**What needs to be done**
Your job is to return each record exactly, minus any pictures.

***** Extracted information *****

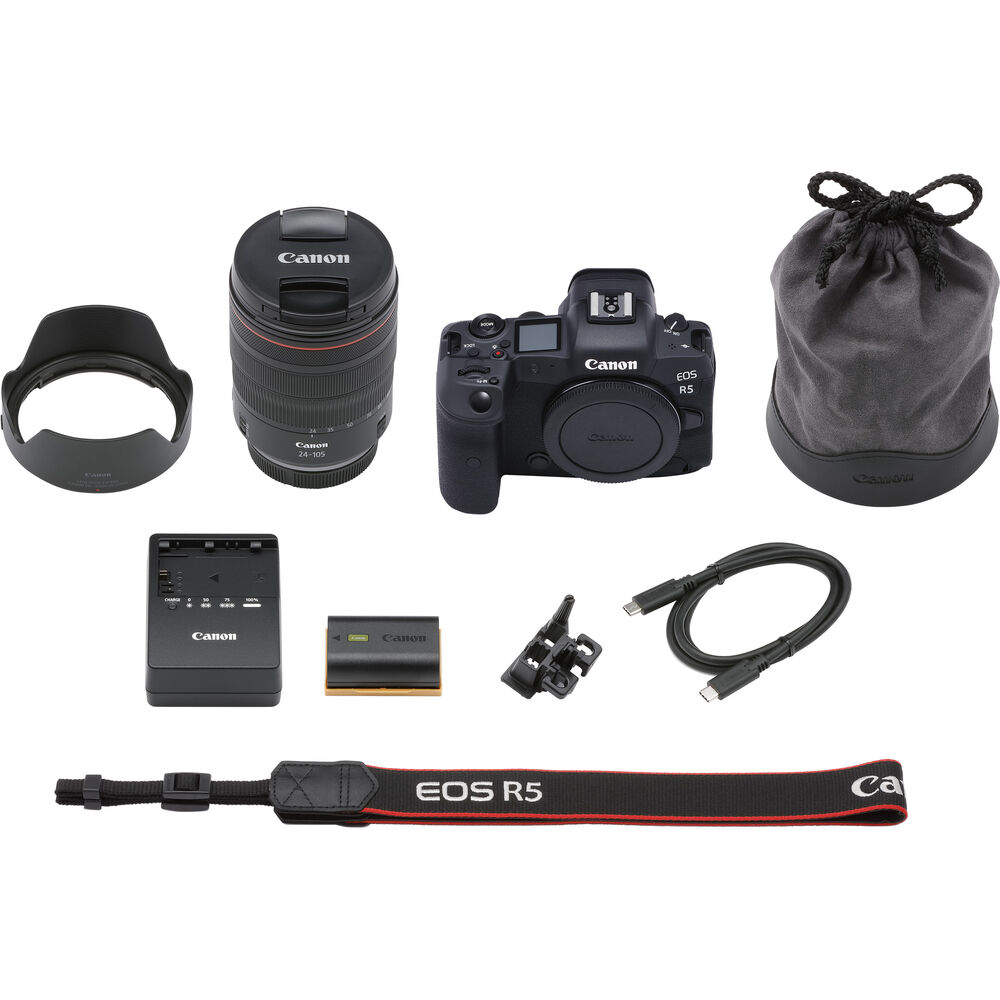 Canon EOS R5 Mirrorless Digital Camera with 24-105mm f/4L IS USM Lens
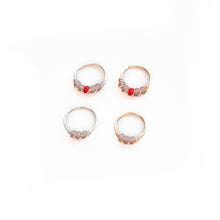 Load image into Gallery viewer, Nose Hoop Lilac &amp; Red Beaded Nose Ring Midwinter Hollow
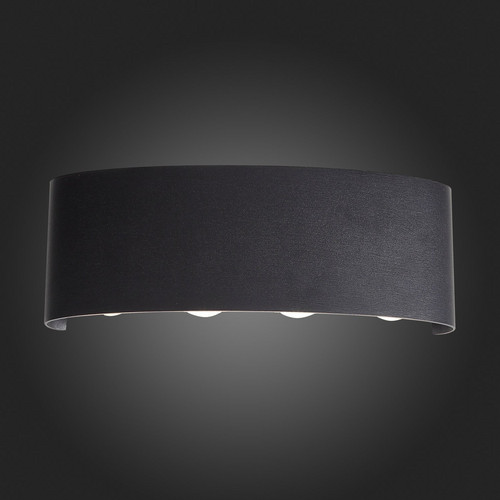 SL089.401.08 Светильник уличный настенный ST-Luce Черный кварцевый LED 8*1W 4000K BISELLO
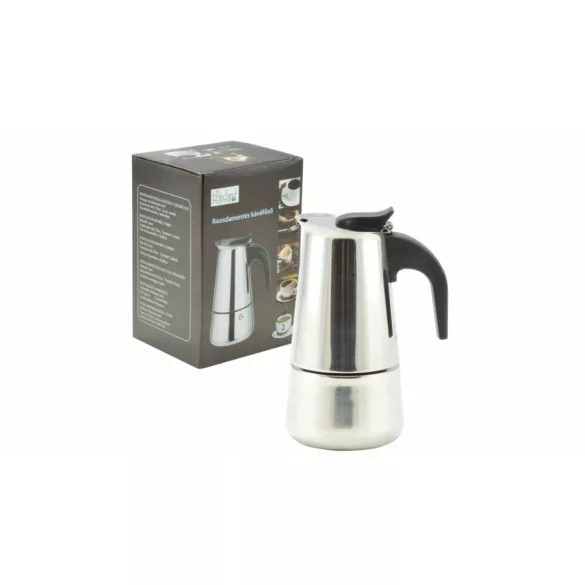 Cafetiera espresso din inox 2 portii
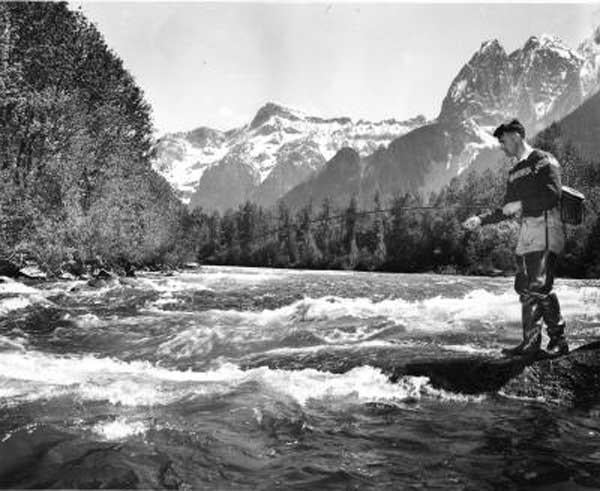 Mountain fishing (1950 Bob&Ira Spring)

*****

**Problem solution**
 Canon EOS R5 Mirrorless Digital Camera with 24-105mm f/4L IS USM Lens
 Load image into Gallery viewer, Nose Hoop Lilac &amp; Red Beaded Nose Ring Midwinter Hollow
 SL089.401.08 Светильник уличный настенный ST-Luce Черный кварцевый LED 8*1W 4000K BISELLO
 Cafetiera espresso din inox 2 portii
 Mountain fishing (1950 Bob&Ira Spring)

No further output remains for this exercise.